Thoughts on Interactivity and Unknown Knowns

As I’ve gone though my first week at ITP, I keep returning to Slavoj Zizek’s critique of the philosophy of Donald Rumsfeld. Rumsfeld states that, in the leadup to the war, we were faced with known knowns (things we know we know), known unknowns (things we know we don’t know) and unknown unknowns (things we don’t even know that we don’t know), where presumably the real danger lies. Zizek points out that he misses the logical fourth state, which would be “unknown knowns.”

In Zizek’s reading, the “unknown knowns” are suppositions, tendencies, reactions and practices that are not acknowledged or scrutinized (hence “unknown”) but which are integrally part of our operations (“known” in the sense of fixed/assured and not subject to change). It creates a picture of an actor who presumes he is working from a defined set of parameters to create an ostensibly predictable outcome, while he is in fact working with some other parameters which he neither acknowledges nor understands, but which nevertheless affect the outcome and render it unpredictable, in Rumsfeld’s case catastrophically so.

I feel like this dovetails quite handily into discussions of interactivity. As a complete amateur, I see building interactivity as the process of determining how a person enters parameters to affect the outcome of an event, which is then in turn edifying, entertaining or in some sense meaningful to the person. Our job as designers is both to come up with the skeleton of an interaction (desire -> process -> result) and figure out how to allow the participant to “create” that interaction for him- or herself.

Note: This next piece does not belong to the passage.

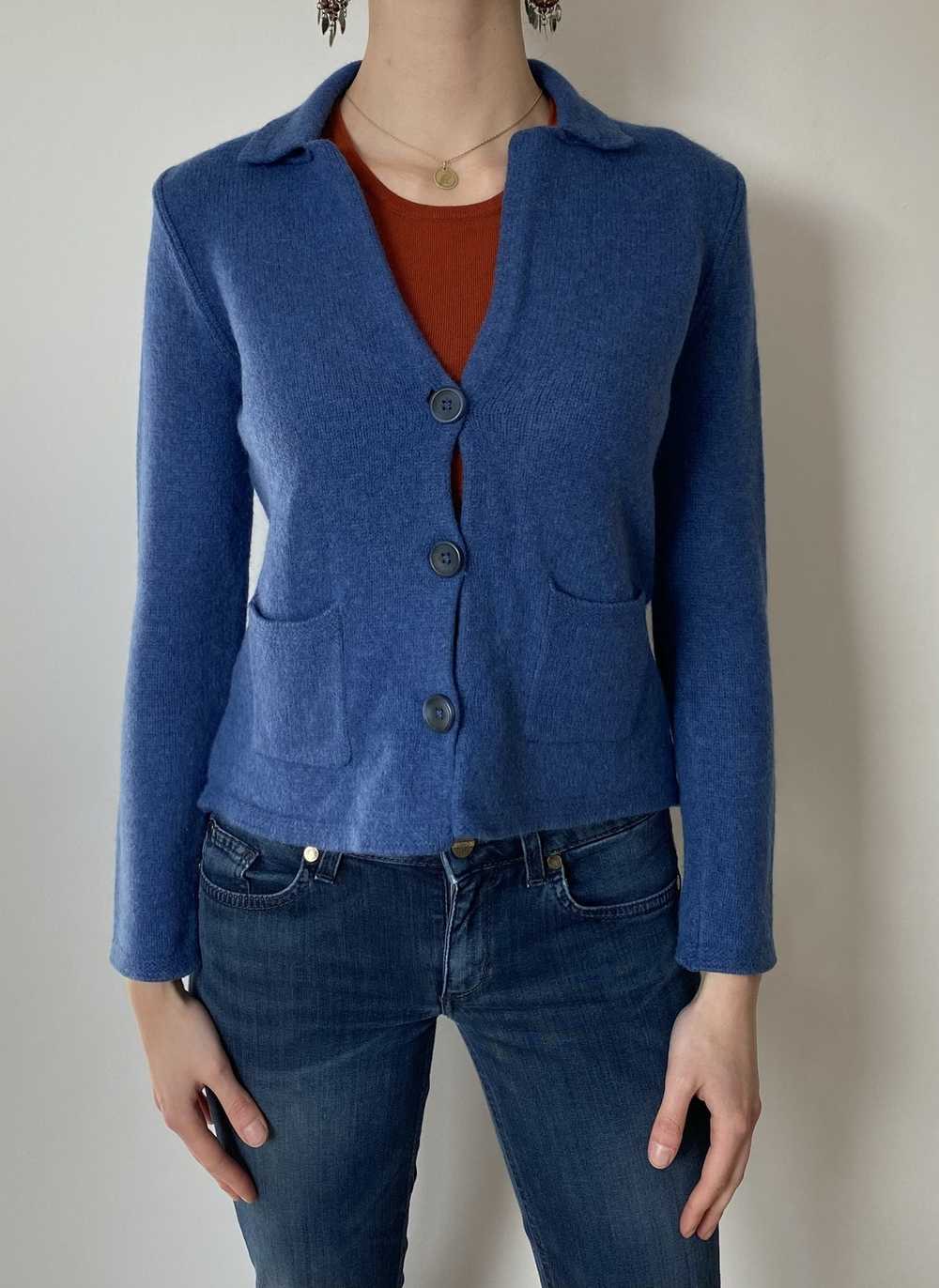 Other × Vintage CHRISTIAN BERG blue wool cardigan - image 9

Code on a screen is terribly appealing because, in its stripped-down form, it ostensibly allows the programmer total control over what goes into an event, the processes that take place within it, and the output/result. By limiting operations to strictly defined and digitally enforced mathematical operations, it presumes to get rid of both the unknown unknowns and unknown knowns (though of course, that’s an illusion too, as anyone who has ever used buggy software can attest).

But when we begin to deal with devices that will accept input from the physical world, we encounter these other problems, a giant host of unknown unknowns and unknown knowns on every level, which are paradoxically the most difficult and the most exciting aspect of interactivity. From the environment (ambient light, temperature, background noise/vibration) to the psychology of the user (what does he expect from this machine? what does she want that tool to do? is that a natural motion for someone who wants that outcome?), devices that draw on physical cues need to be intuitive and flexible to process both things that the machine is not expecting and things that the user doesn’t realize are happening.

And they can also play with this background of unconscious operation to illuminate things that have never been shown before. How many people ten years ago realized how many steps they took in a day, or what their resting heart rate was, vs. now?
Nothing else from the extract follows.